Frigyes
Karinthy : Nouvelles parues dans la presse
je suis admis À
(Rêverie)
Ça ne peut pas continuer, toutes mes
tentatives ne sont que des demi-solutions, comme ça je ne
guérirai jamais.
Comme ça, je ne deviendrai jamais un
homme. J’ai tout raté depuis le début, j’ai beau
réparer, rapiécer, ça ne donnera rien de valable.
Les différents examens, la
cartographie extérieure et intérieure de mes organes telle
qu’établie par les différents certificats, constatations,
radiographies, conclusions générales et particulières,
m’ont convaincu à l’évidence que je suis porteur de
gros ennuis. Je suis plein de calcaire, mes glandes endocrines produisent tantôt
trop sec, tantôt trop gras – que le diable emporte tout ça,
ça va mal se terminer si ça continue.
Aucune transplantation ne peut y
remédier, il n’existe aucune panacée, l’élixir
de vie n’a pas encore été inventé. Bien sûr,
on me dit que c’est physiologique, cela n’a rien d’anormal,
à votre âge c’est ainsi pour tout homme normal, tout comme
il est normal de voir les cheveux qui blanchissent sur la tête des vieux
hommes normaux, il serait anormal qu’ils ne blanchissent pas.

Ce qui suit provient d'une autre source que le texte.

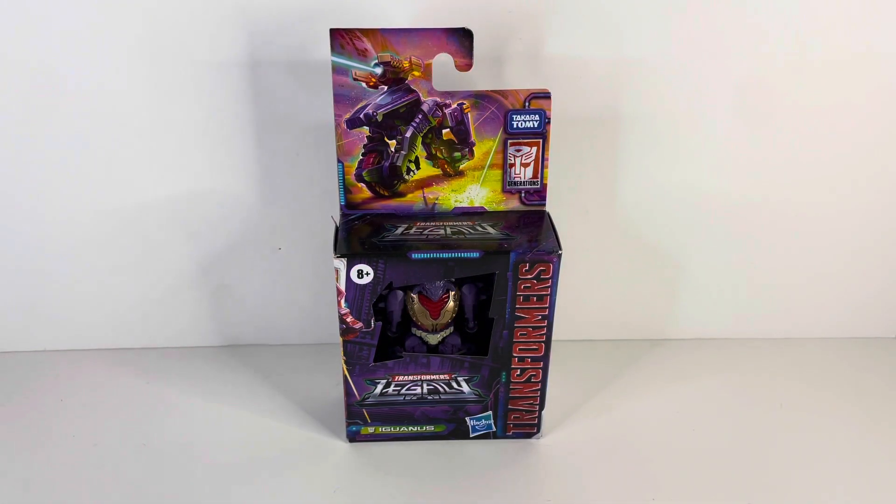What is up Transformers Phantom Geeks? It's Zagatron here with another figure review. Today I'll be reviewing the Transformers Legacy Core Class Iguanas. This is the new line in Transformers which covers G1, G2, Beast Wars, and Transformers Prime. I'm very excited to start reviewing these figures. Iguanas is from G1 and he was part of the Pretenders line, where the Pretenders had an actual robot and a shell to disguise the robot — they wouldn't actually transform — but this iteration of Iguanas actually transforms into a bike.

Merci beaucoup. Je comprends. Je comprends
même très bien. Je sais ce que vous voulez dire par là, pas
la peine de continuer. Que moi aussi comme chacun, mon papa et ma maman, et
Monsieur le rédacteur en chef, et le docteur aussi qui
l’affirme : vous vieillissez tout doucement, et vous finirez
tôt ou tard…
Merci. Ça me suffit.
On ne peut qu’acquiescer poliment.
Bien sûr, bien sûr, je sais tout cela, on n’a pas envie
d’offenser le docteur après tout.
Mais au fond de moi on ne me le fera pas
avaler.
Que c’est une chose normale
que… moi aussi… à la fin…
Baliverne ! Le docteur dit des
sottises ! Je demanderai au docteur, le moment venu, quand ce sera
d’actualité, s’il trouve vraiment normal d’avoir
à mourir.
Ânerie. Par-dessus le marché,
une absurdité grammaticale. Ce verbe désagréable, je
pourrais dire indélicat, est un verbe défectif, il n’a pas
de première personne au présent – je serais un mauvais
styliste, je parlerais mal ma langue, si je prononçais ou simplement
imaginais une chose pareille.
Non, non, merci bien, pour ce genre de
science "exacte". Je suis à la recherche de la grammaire correcte
et du beau style, et je ne vais pas gober une chose comme… euh… que
je me… Si c’est là tout ce que la science exacte sait
produire, qu’elle se le garde.
Alors je préfère la bonne
vieille psychanalyse.
Ça oui. Elle ne se fait pas
désagréable, elle ne pose pas de ces questions comme : quel
âge vous avez ? Car n’est-ce pas, à votre âge il
serait déjà convenable de…
L’âme n’a pas
d’âge, c’est tout.
Mon âme, tout au moins la partie de
mon âme qui intéresse la psychanalyse, le Monde de
l’Inconscient – hein, qu’en dites-vous ? n’a pas
vieilli d’un iota. C’est seulement la minable superstructure, ces
quelques strates sans intérêt, appelées Conscience ou
Raison ou quoi encore ; le scalpel de dissection du psychanalyste
épluche mon âme comme on épluche une pomme de terre. Le
vrai, la Substance, ce qui compte, n’a pas vieilli. Elle est
restée la même.
Pensez au moment où vous quittez une
séance de psychanalyse, où l’on vous a un peu
disséqué – ça oui ! Je suis vieux ? Ou
seulement adulte ? Majeur ? Adolescent ? Pas question ! Je
suis âgé de deux mois, un point c’est tout ! Si
j’ai une cigarette au bec, c’est par erreur – ce n’est
que le symbole du sein maternel, faute de mieux ; et tout ce que je sais,
je sens, je rêve, ce ne sont que les projections perverties des
désirs et des besoins simples d’un adorable gros
bébé de deux mois tout au plus.
Je suis un nourrisson de deux mois, point
final !
Ça oui ! C’est de la
science !
Avec une telle découverte, ça
vaut la peine de vivre. Comme ça tout va bien. La voie est libre.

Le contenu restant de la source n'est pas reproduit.